# my show wethers



## goatgirl132 (Oct 18, 2012)

please critique my show whether!

whether 1 born mid march

















wether 2 born late April

















wether 3 born early April


----------



## goatgirl132 (Oct 18, 2012)

any one have anything to say?


----------



## wildegoats0426 (Aug 30, 2013)

I like wether 2 the best in my opinion he's the levelest wether and looks like he has the most width and muscle. What are they eating?

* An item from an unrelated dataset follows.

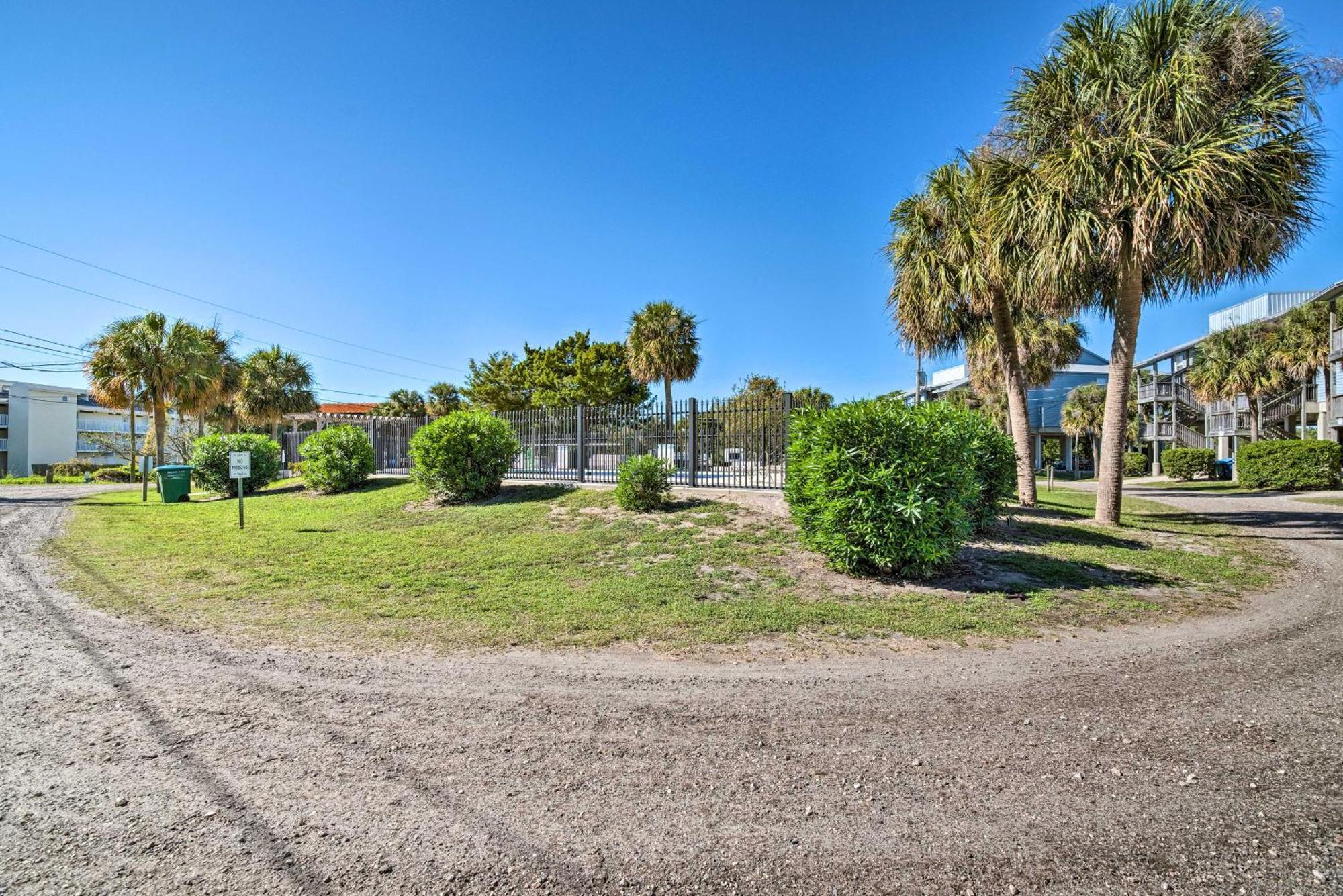 Beachfront Cedar Key Retreat With Pool Access! Kültér fotó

Sent from my iPhone using GoatSpot


----------



## goatgirl132 (Oct 18, 2012)

yes #2 is defiantly my favorite to! I also like how he isn't low in his flank like the others are


----------



## goatgirl132 (Oct 18, 2012)

ill get you the name of the feed soon. we just changed feeds and I forgot the name of it


----------



## wildegoats0426 (Aug 30, 2013)

Okay great

Sent from my iPhone using GoatSpot


----------



## goatgirl132 (Oct 18, 2012)

we are feeding sure fed N-timidator.


----------



## wildegoats0426 (Aug 30, 2013)

That's very good! How much does he weigh and when is the show? Also where are you located?


----------



## MoKa-Farms (Jun 19, 2013)

Order of preferableness
2- Good topline sturdy legs fairly level rump seems wide
1- Good topline sturdy legs seems wide- Rump is a little steep
3- OK topline fairly sturdy legs somewhat wide- steep rump


----------



## goatgirl132 (Oct 18, 2012)

wildegoats23 said:


> That's very good! How much does he weigh and when is the show? Also where are you located?


8/31/13
#3 -72
#1 - 62
#2- 38
their gaining about 3-4 lbs a week.
I weigh again today when my mom gets home.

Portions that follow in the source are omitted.